Exercise instructions: Reproduce each line below precisely. Drop the pictures.
───── Data shown ─────
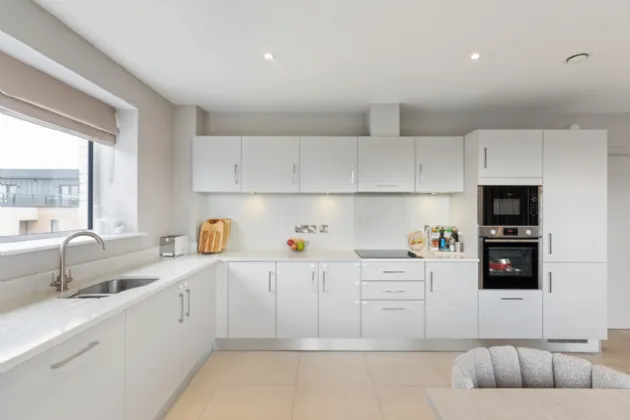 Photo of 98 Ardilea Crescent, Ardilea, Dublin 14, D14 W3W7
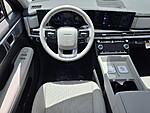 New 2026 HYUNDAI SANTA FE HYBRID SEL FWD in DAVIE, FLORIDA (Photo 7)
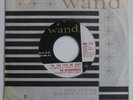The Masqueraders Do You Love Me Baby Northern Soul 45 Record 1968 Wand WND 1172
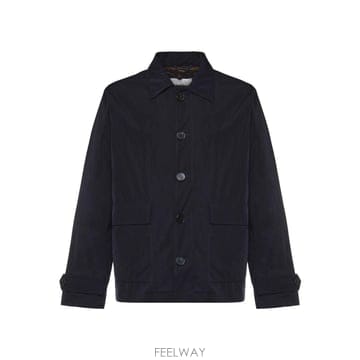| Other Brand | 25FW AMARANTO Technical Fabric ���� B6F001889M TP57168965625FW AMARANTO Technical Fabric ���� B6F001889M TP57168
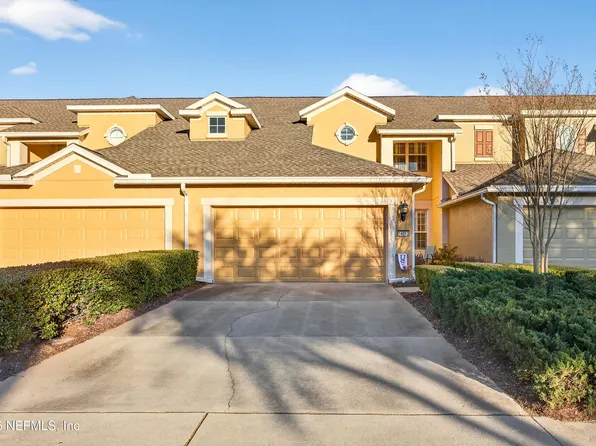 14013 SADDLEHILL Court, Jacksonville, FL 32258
─────
Your solution:
 Photo of 98 Ardilea Crescent, Ardilea, Dublin 14, D14 W3W7
 New 2026 HYUNDAI SANTA FE HYBRID SEL FWD in DAVIE, FLORIDA (Photo 7)
The Masqueraders Do You Love Me Baby Northern Soul 45 Record 1968 Wand WND 1172
| Other Brand | 25FW AMARANTO Technical Fabric ���� B6F001889M TP57168965625FW AMARANTO Technical Fabric ���� B6F001889M TP57168
 14013 SADDLEHILL Court, Jacksonville, FL 32258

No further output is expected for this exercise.